Argumentaires des parties

Les parents de l'élève

Estiment que la surveillance effectuée par l'enseignant a été défaillante. L'interdiction posée par le surveillant n'a pas été respectée. Ils ajoutent que les billes auraient dû être prises aux enfants qui visiblement n'entendaient pas les consignes. Compte tenu de l'âge des élèves l'intervention de l'enseignant aurait dû être beaucoup plus ferme.

Le préfet

Substitué à l'enseignant et représentant de l'État, fait valoir que trois adultes veillaient sur les enfants au moment de l'accident et que l'un d'eux est intervenu pour leur demander de cesser le jeu. Les enfants ont repris le jeu malgré l'interdiction. Le jeune élève est donc responsable de son propre dommage.

La décision

L'enseignant qui surveillait cette récréation a ainsi témoigné : " P. s'amusait avec ses trois camarades à jeter des billes par terre afin qu'elles se cassent. P. a pris un éclat de verre dans l'œil. Il est venu immédiatement me voir, son œil saignait et je l'ai emmené tout de suite à l'infirmerie ". Avant que l'accident ne survienne, l'enseignant était intervenu pour interdire aux enfants de jeter des billes à terre. Compte tenu de leur petite taille, ils risquaient d'être atteints au visage par des éclats ricochant sur le sol. Malgré cette interdiction, les quatre enfants ont repris leur activité dangereuse dès que l'enseignant s'est éloigné. Sans leur confisquer les billes, il s'est contenté de leur interdire de jouer de cette manière. Or cette interdiction avait de grandes chances de ne pas être respectée par les enfants.
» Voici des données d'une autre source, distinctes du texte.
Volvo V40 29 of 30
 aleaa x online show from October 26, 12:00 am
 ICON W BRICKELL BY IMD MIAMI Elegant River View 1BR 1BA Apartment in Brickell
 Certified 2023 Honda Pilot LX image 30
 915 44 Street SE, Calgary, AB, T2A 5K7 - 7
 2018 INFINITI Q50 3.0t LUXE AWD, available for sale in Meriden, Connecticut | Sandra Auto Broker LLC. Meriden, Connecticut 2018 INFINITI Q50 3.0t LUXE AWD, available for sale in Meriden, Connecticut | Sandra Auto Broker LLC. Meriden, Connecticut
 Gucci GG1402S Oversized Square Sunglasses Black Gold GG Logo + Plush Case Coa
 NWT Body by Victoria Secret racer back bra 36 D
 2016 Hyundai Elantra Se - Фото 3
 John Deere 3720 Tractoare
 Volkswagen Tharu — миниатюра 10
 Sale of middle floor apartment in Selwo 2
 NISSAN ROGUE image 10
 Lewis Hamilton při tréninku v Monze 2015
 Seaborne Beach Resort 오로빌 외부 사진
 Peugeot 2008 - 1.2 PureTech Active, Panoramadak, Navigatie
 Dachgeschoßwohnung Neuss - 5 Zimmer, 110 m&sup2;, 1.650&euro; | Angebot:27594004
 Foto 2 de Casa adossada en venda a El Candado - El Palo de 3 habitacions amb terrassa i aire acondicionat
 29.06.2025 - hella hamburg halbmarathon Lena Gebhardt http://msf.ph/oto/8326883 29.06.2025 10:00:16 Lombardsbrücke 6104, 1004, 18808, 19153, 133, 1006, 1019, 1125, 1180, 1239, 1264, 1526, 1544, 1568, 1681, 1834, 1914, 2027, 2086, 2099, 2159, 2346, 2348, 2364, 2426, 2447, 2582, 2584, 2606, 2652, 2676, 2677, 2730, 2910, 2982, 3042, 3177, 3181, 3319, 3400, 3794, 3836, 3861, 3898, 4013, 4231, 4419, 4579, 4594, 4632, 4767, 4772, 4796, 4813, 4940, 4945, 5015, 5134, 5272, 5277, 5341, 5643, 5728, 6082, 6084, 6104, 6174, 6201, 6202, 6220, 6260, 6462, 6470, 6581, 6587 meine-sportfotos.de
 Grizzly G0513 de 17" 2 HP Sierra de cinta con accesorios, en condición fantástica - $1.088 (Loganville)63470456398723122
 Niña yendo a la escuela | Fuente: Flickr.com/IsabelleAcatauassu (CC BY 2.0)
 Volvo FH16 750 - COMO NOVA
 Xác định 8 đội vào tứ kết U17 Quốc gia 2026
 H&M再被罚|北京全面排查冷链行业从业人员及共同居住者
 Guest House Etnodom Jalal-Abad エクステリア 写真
L'enseignant n'a pas assez tenu compte de l'âge des enfants et de leurs activités pendant la récréation, en pensant qu'ils allaient s'arrêter de jouer. Au contraire dès qu'il est parti surveiller un autre groupe, le jeu a repris. Il eut été plus conforme à la situation de confisquer les billes. En partant surveiller un autre groupe d'élèves, l'enseignant a commis une faute de surveillance qui a permis la survenance de l'accident.

La responsabilité de l'État substituée à celle de l'enseignant est retenue.